O gabinete do ministro André Mendonça, do Supremo Tribunal Federal (STF), divulgou uma nota oficial nesta quinta-feira com o objetivo de esclarecer que o magistrado não teve acesso ao conteúdo da proposta de colaboração premiada apresentada pela defesa do empresário Daniel Vorcaro à Polícia Federal (PF) e à Procuradoria-Geral da República (PGR).
Segundo o comunicado, "quaisquer afirmações em sentido contrário não refletem a realidade dos fatos e carecem de fundamento". A manifestação do gabinete ocorre após a entrega do material aos órgãos de investigação, realizada na quarta-feira, em meio a expectativas sobre os próximos passos deste caso de grande repercussão.

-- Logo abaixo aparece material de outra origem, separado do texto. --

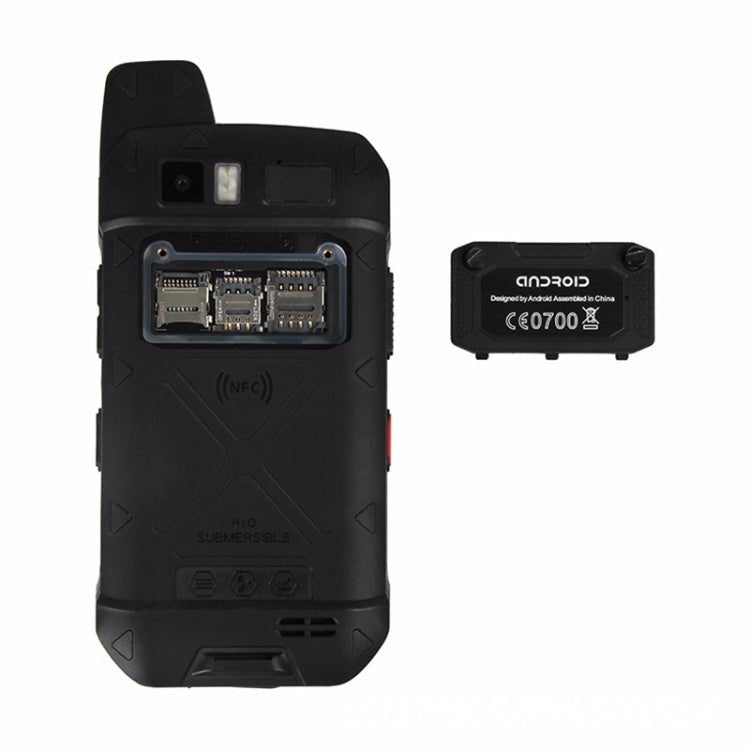 UNIWA B6000 PTT Walkie Talkie Rugged Phone, 4GB+64GB, IP68 Waterproof Dustproof Shockproof, 5000mAh Battery, 4.7 inch Android 9.0 MTK6762 Octa Core up to 2.0GHz, Network: 4G, NFC, OTG (Black) - British D'sire
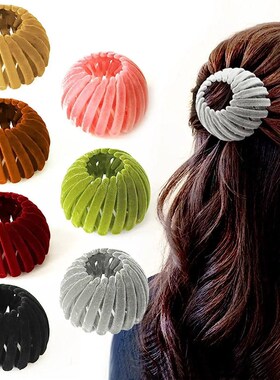 tail Hair Rings Clips Hair Clips Women Bird Nest Shaped Hair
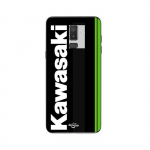 Coque Samsung Galaxy j8 2018 Kawasaki Floride Moto Marseille logo Maniacase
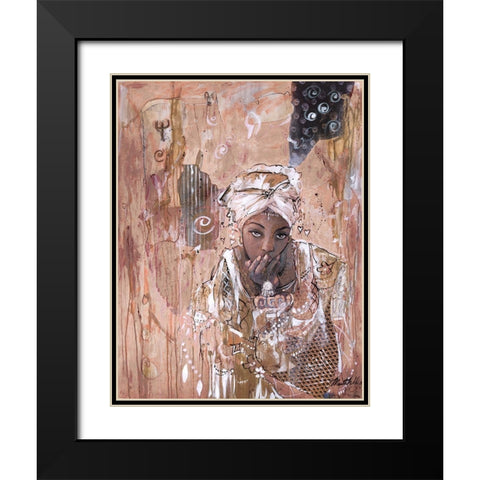 Secrets Kept Black Modern Wood Framed Art Print with Double Matting by Wiley, Marta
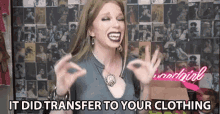 It Did Transfer To Your Clothing Transfer To Clothing GIF - It Did Transfer To Your Clothing Transfer To Clothing Kkw Body Foundation GIFs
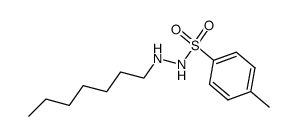 4-甲基苯磺酸-2-庚基酰肼 结构式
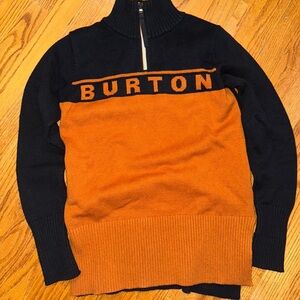 Burton women’s larosa quarter zip sweater size small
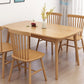 Modern Style Solid Wood Dining Table Brown Rectangle Table for Kitchen Dining Room, 47"L x 29.5"H Clearhalo ' dining_table' 'Dining Tables & Seating' 'Dining Tables' 'furn' 'furn_dining_table' 'Furniture' 'furniture_dining_table' 'Kitchen & Dining Furniture' 'kitchen&dining_furn' 'kitchen' 'kitchen_dining_table' 3598576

Posicionamento sobre a Colaboração Premiada
Na nota, o gabinete reforça a posição do ministro sobre acordos de delação, classificando a colaboração premiada como "um ato de defesa" e um direito legítimo do investigado. O texto ressalta, porém, que para produzir efeitos jurídicos, o acordo precisa ser necessariamente "sério e efetivo". O comunicado ainda enfatiza que a existência de uma proposta de colaboração não altera o andamento das apurações em curso.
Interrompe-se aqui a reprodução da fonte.